When he was eliminated, he got a copy of the show, flew to the United States, and watched it with his then 103-year-old mum.
“She was just excited. She couldn’t believe it,” Clisby recalls.
"She was very sort of relieved to know that I was doing well.”
It was the first time Clisby saw himself on the silver screen, because he wanted to live in the moment during the live portion of the show, not cringe as he watched episodes back.
"I think everybody, unless you’re deluded, has such a huge amount of self-criticism when they see themselves back," Clisby says.
Some would try to distance themselves from the spectre of a reality TV stint, but Clisby embraces his seemingly overnight success.
"I always felt very fortunate that we were able to reach people’s living rooms," he says.
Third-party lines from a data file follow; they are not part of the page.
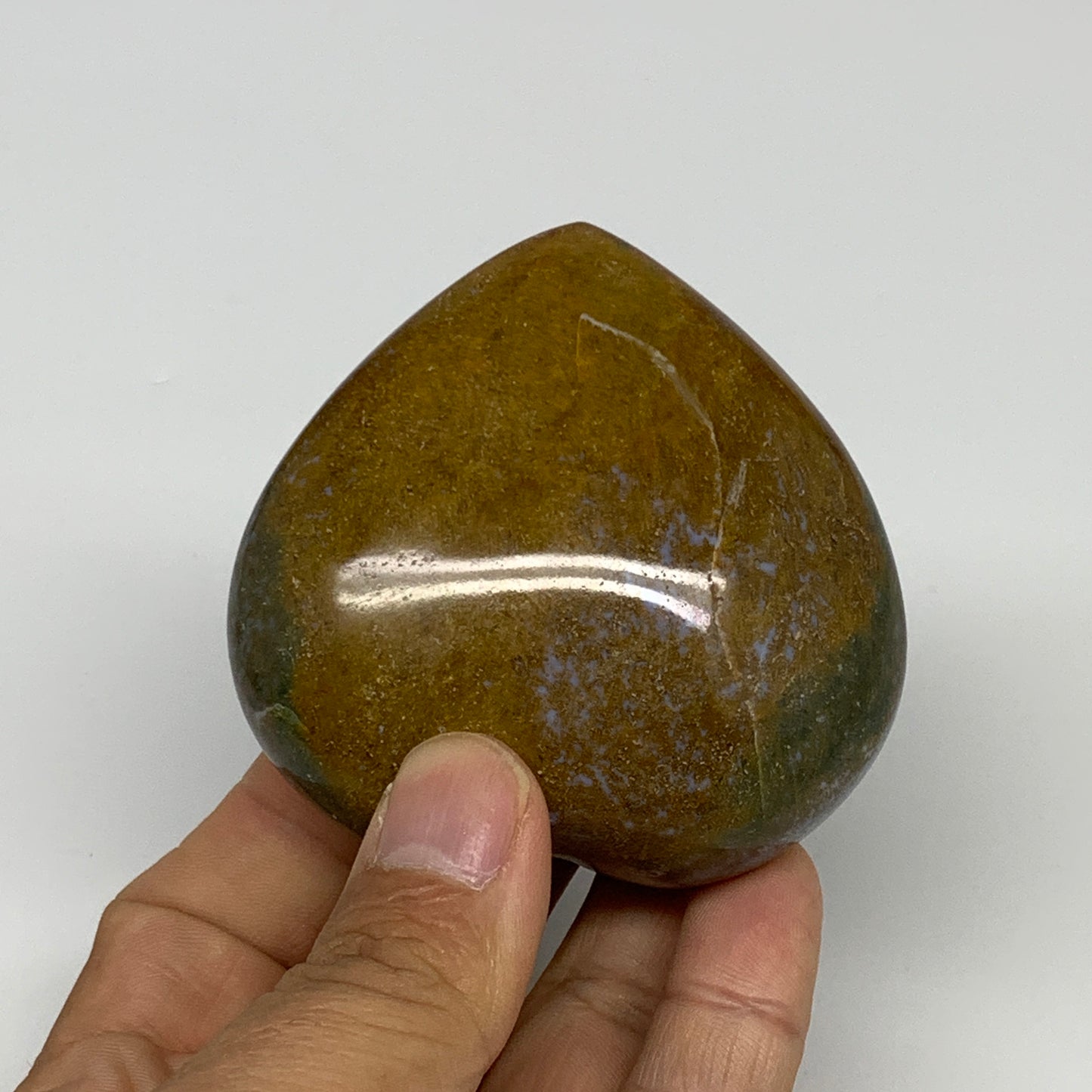 0.4 lbs, 2.6"x2.7"x1.2" Ocean Jasper Heart Polished Healing Crystal, B30863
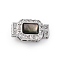 Rectangle Brass Micro Pave Clear Cubic Zirconia Box Clasps, with Black Shell, Platinum, 20.5x11.5x8mm, Hole: 1.5x1.5mm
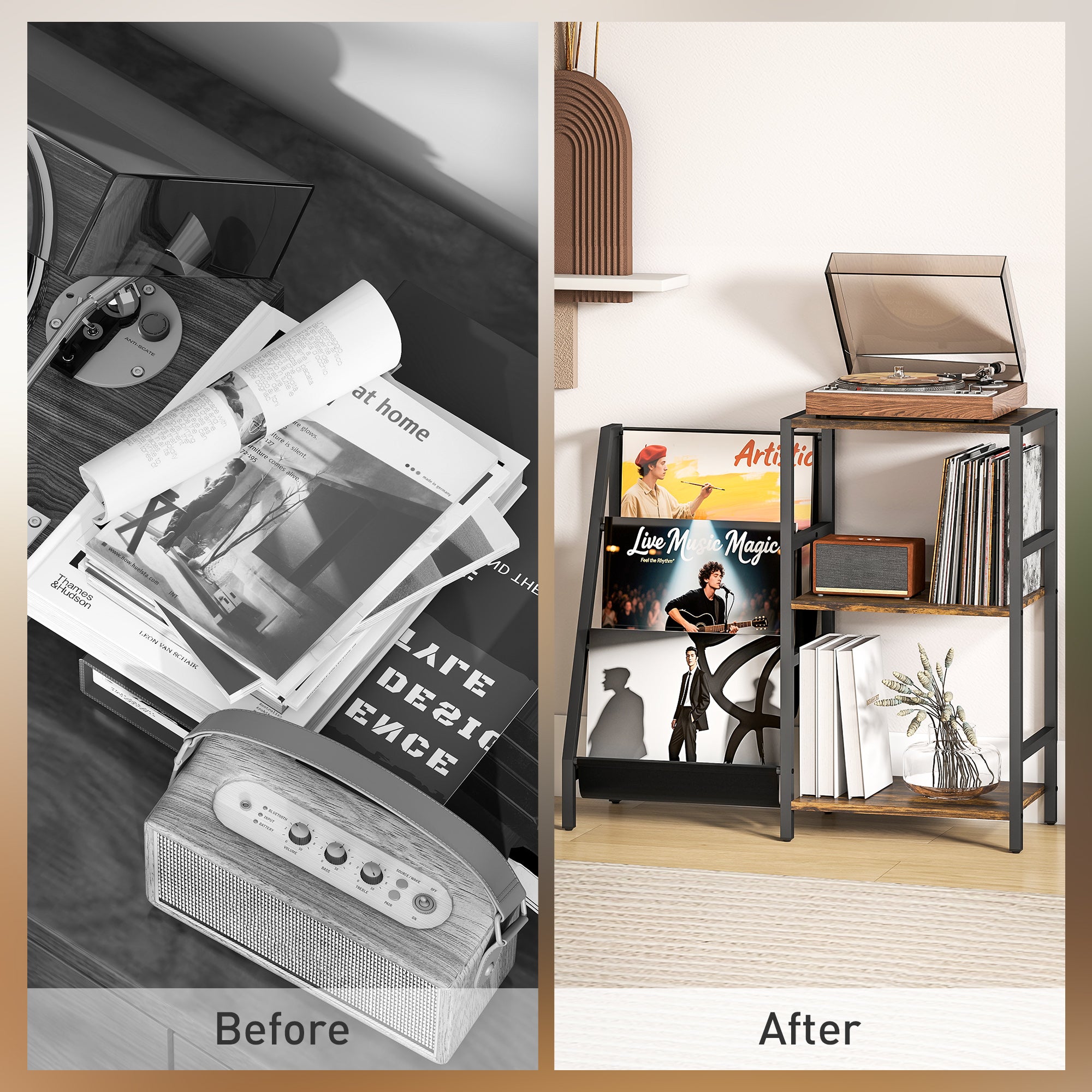 HOMCOM 3-Tier Record Player Stand, End Table for Living Room, Bedroom - Rustic Brown - North Peak Garden Furniture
"Most of the time you’ve gotta go out and prove yourself, in pubs and clubs, and I’ve been doing that for years, which is how I developed the following that I had.
"But, you know, you gotta play in a lot of pubs and clubs to play to 2 million people."
Clisby says being followed by this younger demographic is something he never expected.
"What I’m really fascinated by is how the younger generation embraced what I was doing," Clisby says.
"I think what they connected with was the realness of it. In a way, it was completely new to them to hear some music that is not sort of production-line generic, computer-based stuff that sounds the same."
Clisby reportedly once jammed with Jimi Hendrix, and it’s clear his rock’n’roll roots are a strong influence when it comes to his love of classical production.
"The magic of four or five musicians playing together and creating a certain vibe, a certain energy is intangible, and it’s real," Clisby says.
"That’s how records were made in the past. That’s why we have a great legacy of pop music and all these great songs: they were created with rhythm sections and by people playing together and capturing it on some kind of recorded medium."
Clisby plays at the Brass Monkey on Sunday, December 4.
"You can expect a hell of a lot of energy," Clisby says.